- [EXERCISE]
With pictures left out, output exactly the lines from the line holding "BUZIO 64oz Insulated" through the end of the data, both included.

- [INPUT DATA]
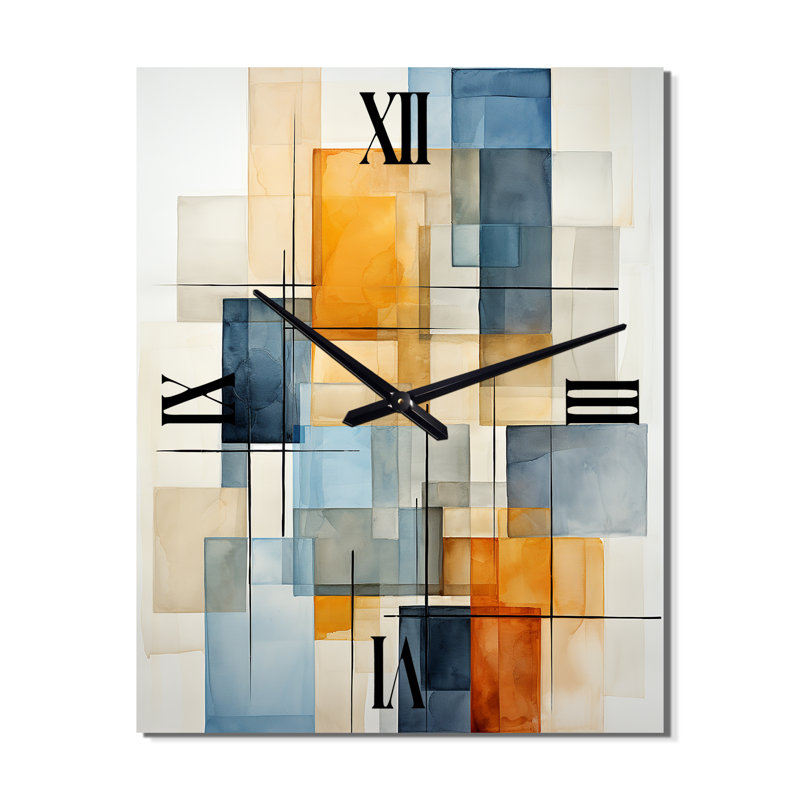 Horloge murale collage géométrique - Collages abstraits surdimensionnés, Très grand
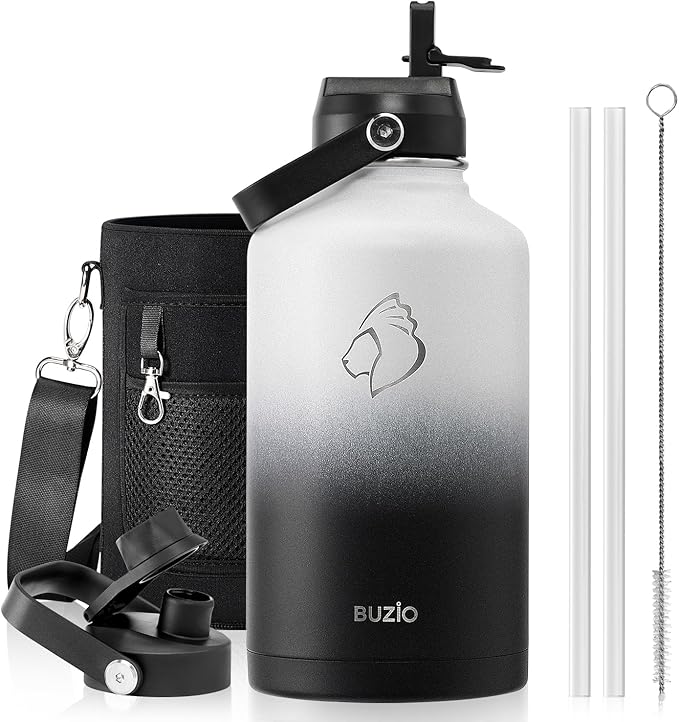 BUZIO 64oz Insulated Water Bottle with Straw Lid and Flex Cap, Stainless Steel Powder-Coat Water Flask, Keep Beverage Cold for 48 Hrs Hot for 24 Hrs Simple Thermo Canteen Mug, White and Black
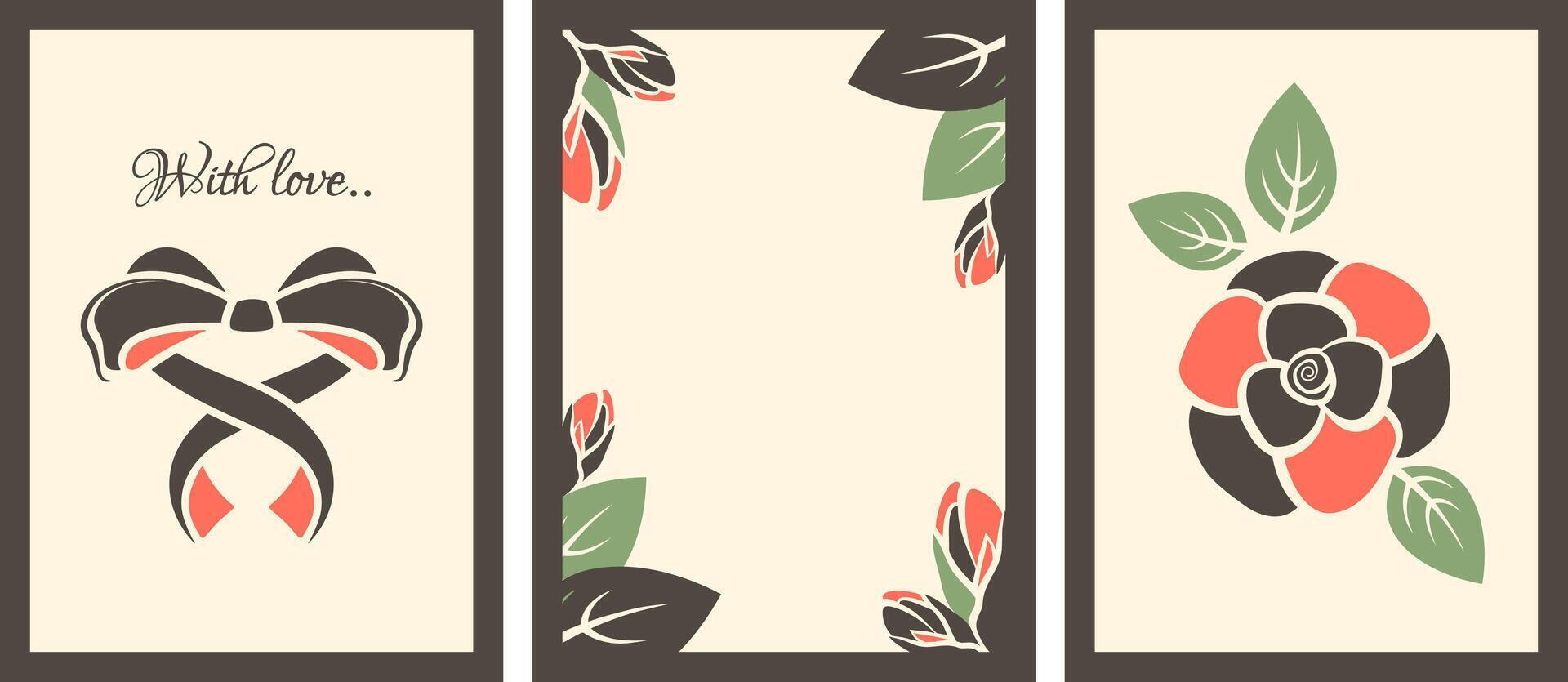 Valentines day cards. Set of Trendy posters for 14 February holiday. Romantic design with rose, cute bow in shape of heart, love text. Festive background in retro style. flat illustration vector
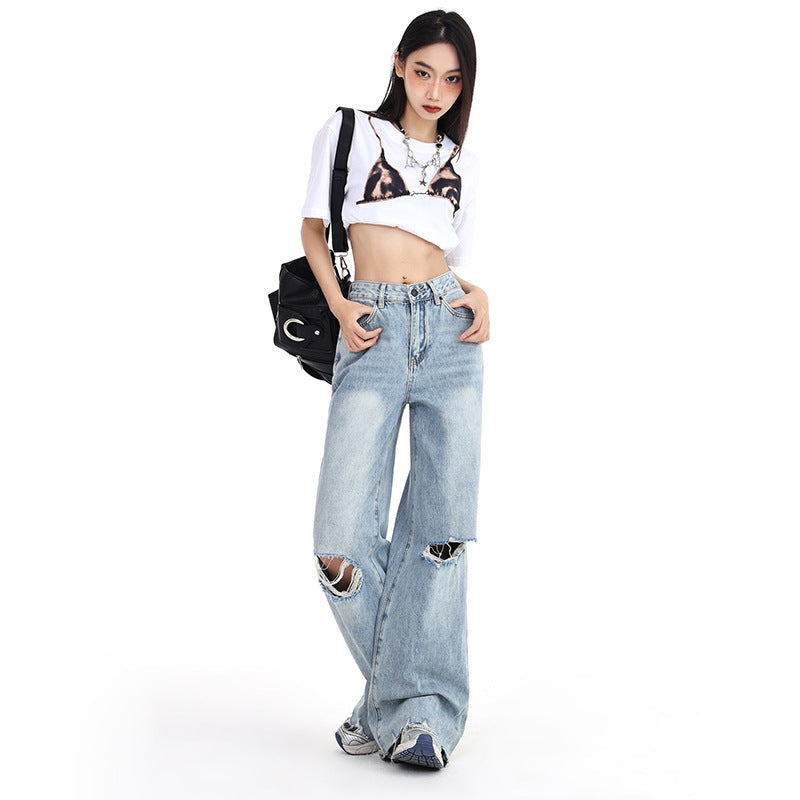 summer outfits inspo Spring and Summer New American Retro Loose Wide-Leg Pants Tassel Trendy Cool Straight Ripped Jeans for Women Jeans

- [TASK SOLUTION]
 BUZIO 64oz Insulated Water Bottle with Straw Lid and Flex Cap, Stainless Steel Powder-Coat Water Flask, Keep Beverage Cold for 48 Hrs Hot for 24 Hrs Simple Thermo Canteen Mug, White and Black
 Valentines day cards. Set of Trendy posters for 14 February holiday. Romantic design with rose, cute bow in shape of heart, love text. Festive background in retro style. flat illustration vector
 summer outfits inspo Spring and Summer New American Retro Loose Wide-Leg Pants Tassel Trendy Cool Straight Ripped Jeans for Women Jeans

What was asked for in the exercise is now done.